Introduction: Colorectal cancer (CRC) is the third leading cause of cancer related deaths in United States with recurrence after resection-with-a-curative-intent being frequently implicated in these deaths. The basis for CRC recurrence is not completely understood, is multifactorial, and involves dysregulation of heterocellular signaling among tumor cells and their microenvironment. Based on hyperplexed immunofluorescence imaging and novel computational analyses, we have developed a recurrence-risk prediction method that samples these signaling networks within the epithelial and stromal domains of the tumor microenvironment and provides improved performance over current state-of-the-art recurrence-risk prediction assays.
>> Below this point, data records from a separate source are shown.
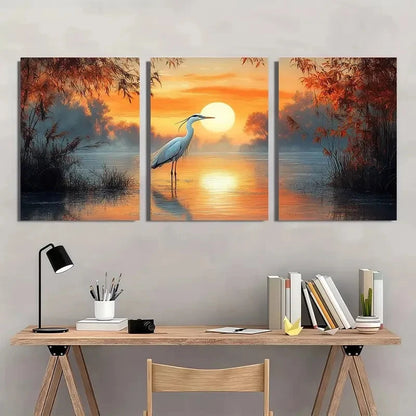 3pcs Golden Sunset Tranquil Water Nature Scenery Wall Art Set Canvas Framed 40x60cm - High Quality Print 100% Australian Made Wall Canvas Ready to Hang - Bella Home Decor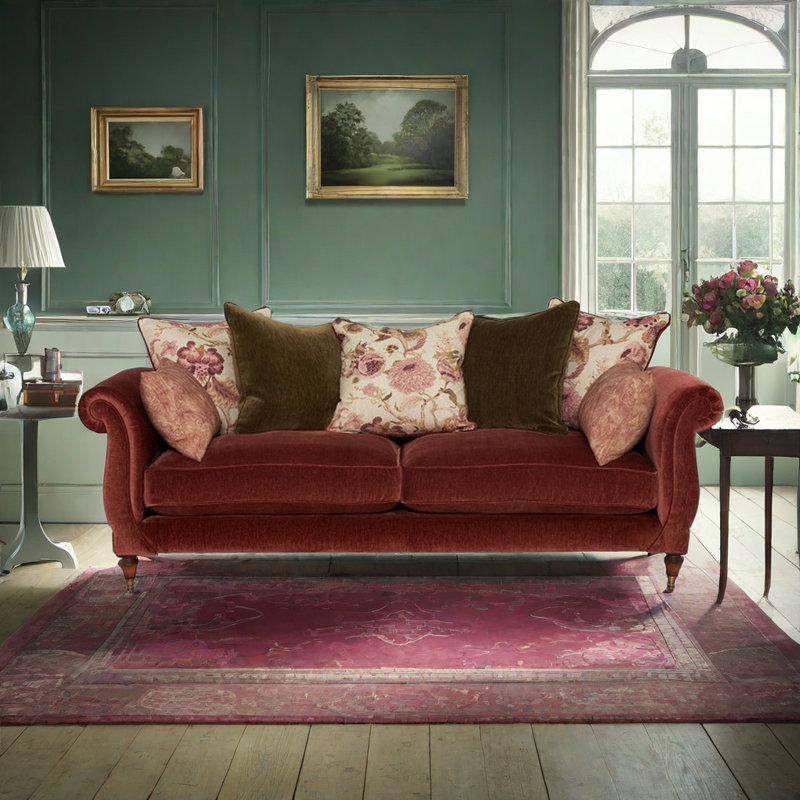 Vintage Medium Burgundy Velvet Sofa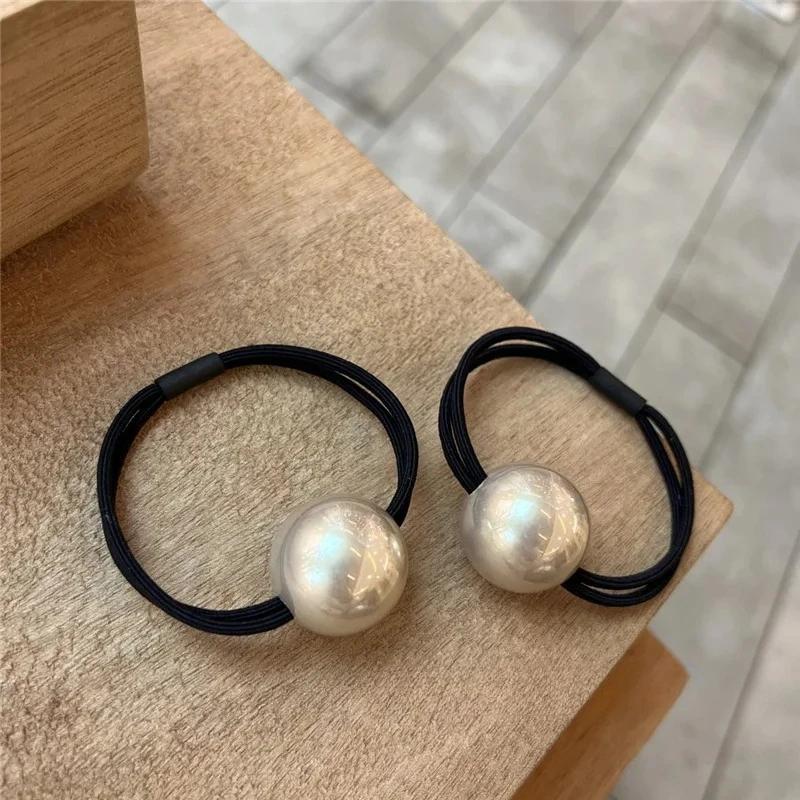 1PC Champagne Large Ball Service Rope Versatile Elastic Rubber Band Net Red Hair Circle Girl's Ball Head Rope Elastic Hair Bands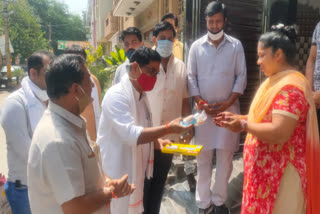 BJP MLA Ajay Mahawar distributed lamps and sweets packets in Yamuna Vihar for Bhoomi Poojan of Ram temple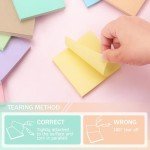 Sticky Notes 3x3inch, 8 Pads Self-Stick Notes, 8 Pastel Multi Colors with Gray Note Pads, Suitable for School, Home, Office,80 Sheet/Pad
Data: In the retrospective study presented here, we used 52 hyperplexed immunofluorescence biomarkers associated with either canonical oncogenic pathways, immune response, or colon cancer per se to spatially profile tissue microarrays obtained from resected tissue samples from 432 chemo-naïve CRC patients.

Results: Using epithelial- and stromal-domain expression and co-expression diversity of the biomarkers, our preliminary results predicted the risk of CRC recurrence with a concordance index of 0.91. We also generated training and validation sets from the CRC patient cohort and demonstrated that the area under the curve (AUC) of the prediction receiver operating characteristic (ROC) was 0.90. We utilized stratified bootstrapping to show that the AUC was stable with a standard deviation of 0.02. Significantly, the penalized model selection used within our method allowed us to infer epithelial and stromal-domain protein networks specific to the risk-of-recurrence from the underlying signaling networks. Despite the limited sampling intrinsic to tissue microarrays we were able to capture immune cell infiltration and the differential modulation of these outcome specific protein-protein networks.

Conclusions: Our CRC recurrence-risk prediction method exploits our spatial proteomics computational pathology platform involving hyperplexed immunofluorescence imaging. This study demonstrates the potential of this paradigm to not only accurately predict risk of CRC recurrence but also to reveal the underlying systems pathophysiology. Inferring outcome- and domain-specific CRC protein networks will enable biomarkers mechanistically linked to disease progression to be determined and their causality corroborated. In turn, this knowledge can be used to inform optimal therapeutic strategies for individual patients.

Citation Format: Shikhar Uttam, Andrew M. Stern, Samantha A. Furman, Filippo Pullara, Fiona Ginty, D. Lansing Taylor, S. Chakra Chennubhotla. Spatial proteomics with hyperplexed fluorescence imaging predicts risk of colorectal cancer recurrence and infers recurrence-specific protein-protein networks [abstract]. In: Proceedings of the American Association for Cancer Research Annual Meeting 2019; 2019 Mar 29-Apr 3; Atlanta, GA. Philadelphia (PA): AACR; Cancer Res 2019;79(13 Suppl):Abstract nr 1642.